Question: How can leaders hold their people appropriately accountable without fear of being held up for bullying or harassment?
Answer: This question frequently crops up with Legitimate Leadership consultants. As organisations rightfully focus on how to create safe environments for their people to work without fear of discrimination, it is also important to ensure that leaders can censure and discipline their people when needed.
The issue at stake for individual leaders is courage.
Leaders are not leaders unless and until they have a relationship of trust with their people. That trust is built on a personal relationship which requires the leader to put the employees’ interests first, to care for them as human beings – not just as human resources – and to grow them not just to be better, but excellent. This cannot be done without setting standards – behavioural and performance.

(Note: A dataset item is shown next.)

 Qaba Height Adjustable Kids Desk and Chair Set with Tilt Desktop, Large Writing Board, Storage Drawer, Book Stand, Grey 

When employees do a good job, it is good manners to say thank you and give praise. When employees go above and beyond to make an exceptional contribution it is only right that they should be rewarded for doing so.

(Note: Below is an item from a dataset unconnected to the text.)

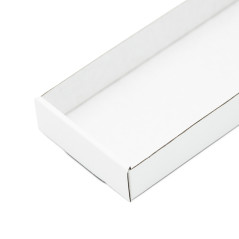 Weißes schmales Tablett für Geschenksets, 23 cm lang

So what happens when standards are not met? Ignoring this for fear of retribution is effectively saying ‘it doesn’t matter’, and over time the inevitable decline leads to mediocrity or worse. This is reason enough to censure or discipline when needed.
But it’s not the core reason.
The core reason is because the employee is being cheated of an opportunity to grow and be better.
Leaders who avoid the difficult conversations are not only tolerating the deterioration of standards but are clearly saying to their people ‘I don’t care enough about you to hold you up on it’. In time this leads to an inevitable lack of trust and a withholding of willingness and loyalty.
What do leaders need to do?
Legitimate Leadership requires unconditional giving on behalf of the leader. This means having the courage to have the appropriate conversations with their people when needed. Yes of course they need to be diligent, follow internal processes and consult with HR when needed. But above all they need to put the care and growth of their people above any fear of personal attack.
As Nelson Mandela famously said, “Courage is not the absence of fear, but the triumph over it.”